On October 18, the publication backtracked, saying it would revise its reporting and remove the stories from public view while it investigates. “This will include a review of all documents, source material and sources used for our stories on Meta,” Thread written in a press release. “Based on the consent of our sources, we are also exploring the possibility of sharing original files with trusted and reputable domain experts as part of this process.”

Now what?

At this point, there are still more questions than answers about how and why The wire is the reports have gone so wrong. It’s clear there are serious issues with the ‘evidence’ he relied on, though it’s unclear whether he intentionally lied or was misled in the framework. of a larger scheme. The publication has repeatedly stated that it relied on two separate sources, suggesting the whole thing is more complex than one bad source.

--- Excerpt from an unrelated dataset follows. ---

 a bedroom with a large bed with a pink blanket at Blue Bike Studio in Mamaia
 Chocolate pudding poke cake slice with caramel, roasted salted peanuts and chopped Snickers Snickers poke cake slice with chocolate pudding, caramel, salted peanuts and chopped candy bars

More information is likely to come out in the days and weeks to come, as Thread and others are now taking a closer look at how the story got so out of control. But there’s a reason the stakes for this particular incident seem so high. India ranks 150th out of 180 in terms of press freedom, according to Reporters Without Borders. And Threada non-profit publication, is one of a dwindling number of independent newsrooms in the country.

It’s also worth pointing out that some elements of this saga highlight real and serious issues with Meta’s policies and their impact on its billions of users. For one thing, the whole situation started with something a lot of people have experienced: a content moderation decision gone wrong due to an error in the company’s automated systems. Amidst all the back and forth, Instagram ended up reintegrate the original post of the @cringearchivist story that started The wire is investigation.

There’s also the fact that Meta has been less than clear about its cross-verification rules for celebrities, politicians, and other VIPs. Many of the details we now know about the program have only come to light through a company whistleblower and other company investigative reports. The company’s own supervisory board, which has been working on an advisory opinion for nearly a year on the program, even accused the company of misleading it about the program.

And while there is still no evidence that cross-checking would allow an outsider of the company to initiate content takedowns, journalists and activists have long questioned whether Meta is giving India’s BJP too much leeway. in other political decisions.

Put it all together and you’ll see why a post like Thread could be so invested in a story like this in the first place. “Our recent coverage of Meta began with an incident that reflected the lack of transparency of the social media giant and its various platforms,” Thread wrote in his last statement. Unfortunately, his own reporting so far has only made matters more opaque.

All products recommended by Engadget are selected by our editorial team, independent of our parent company. Some of our stories include affiliate links. If you purchase something through one of these links, we may earn an affiliate commission. All prices correct at time of publication.